History


The battle of Blair Mountain was the largest civil uprising on American soil since the U.S. Civil War. It was a spontaneous outpouring of rage and grief over conditions in the southern coalfields and the August 2, 1921, cold blooded murder of Matewan Police Chief Sid Hatfield, who a year earlier had befriended the miners when Stone Mountain Coal Co., tried to evict striking workers from their homes. The battle lines were drawn by August 26, 1921 and by Sept. 5, 1921, the rebellion was over.

Over the course of the disruption, between 10,000 and 15,000 coal miners assembled near Lens Creek in Kanawha County and armed themselves for a march over mountainous terrain to avenge Hatfield and to rescue illegally imprisoned miners in Mingo County.

The miners commandeered trains, company weapons, wagons, food, and other supplies as the rebellion grew. Awaiting them at the Logan County line was a citizen army led by Logan County Sheriff Don Chafin who swore not let an armed mob march through his county. The coal companies paid Chafin some $32,000 per year to keep the UMWA out of Logan County and to prevent Logan and Mingo miners from joining the union.

The two armies clashed along the top of Spruce Fork Ridge of Blair Mountain, firing more than a million rounds of ammunition at each other. The U.S. Army and Air Corps ultimately crushed the rebellion without firing a shot. The union surrendered rather than fire upon American soldiers, making clear their patriotism. Although the rebellion did not succeed, it ultimately served as the rallying cry for organized labor throughout the U.S. and was instrumental in bringing the benefits of organized labor to working class Americans in all major industries.

Historical account by Barbara Rasmussen


The Battle of Blair Mountain….Revisited

by Denise Giardina

(This article first appeared in Appalachian Voices on June, 2005. Reprinted with permission by Appalachian Voices.)

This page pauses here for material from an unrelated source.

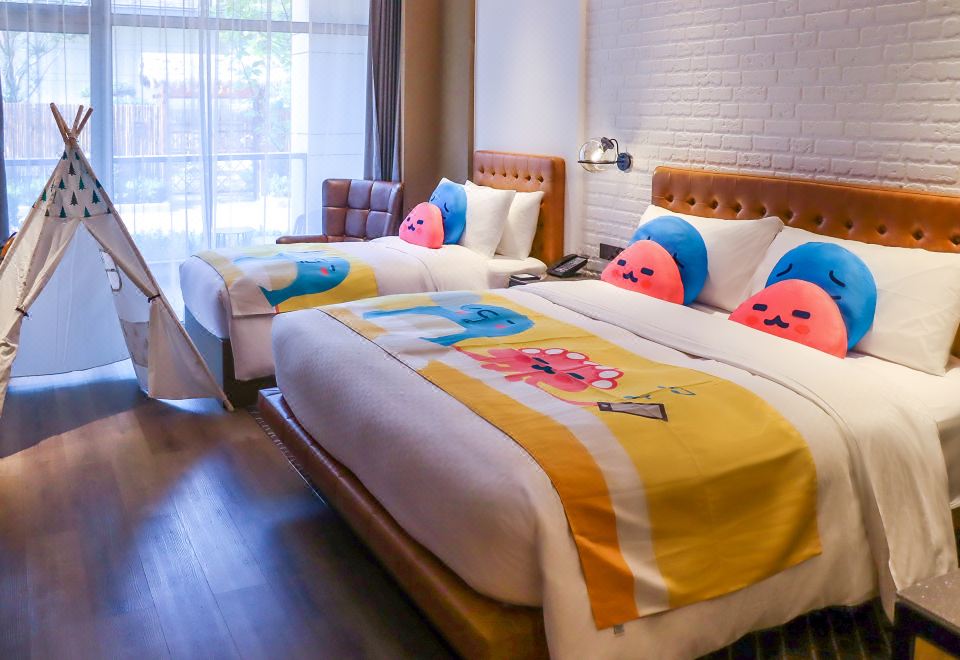 Four Points By Sheraton Qiandao LakeYoyo Ocean Theme Family Room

In late August and September of 1921, the largest armed rebellion in the U.S. since the Civil War was mounted in the coalfields of southern West Virginia. Union coal miners gathered, in numbers estimated anywhere from 5,000 to 10,000 strong, outside of Charleston. It is perhaps misleading to call them an “army”, for they had few resources and lacked formal military discipline. And yet it would be too cavalier to label the miners a rag-tag gathering. They had leaders, they had arms, they had organization, and they even had supporting groups of doctors and nurses to treat the expected casualties.

The miners’ intention was to march to the southwestern coalfields and free their fellow miners from some of the most abject treatment in the history of American labor. In Mingo, Logan and McDowell counties, miners worked under abominable conditions, were paid next to nothing, had no freedom of speech or assembly, and were killed with impunity by mine guards and local politicos in an atmosphere reminiscent of a third-world dictatorship. In 1921, thousands of miners and their families were living in tents in deplorable conditions, evicted from their homes after having the temerity to join a union. The Miners’ March, as it was called, was set to change all that.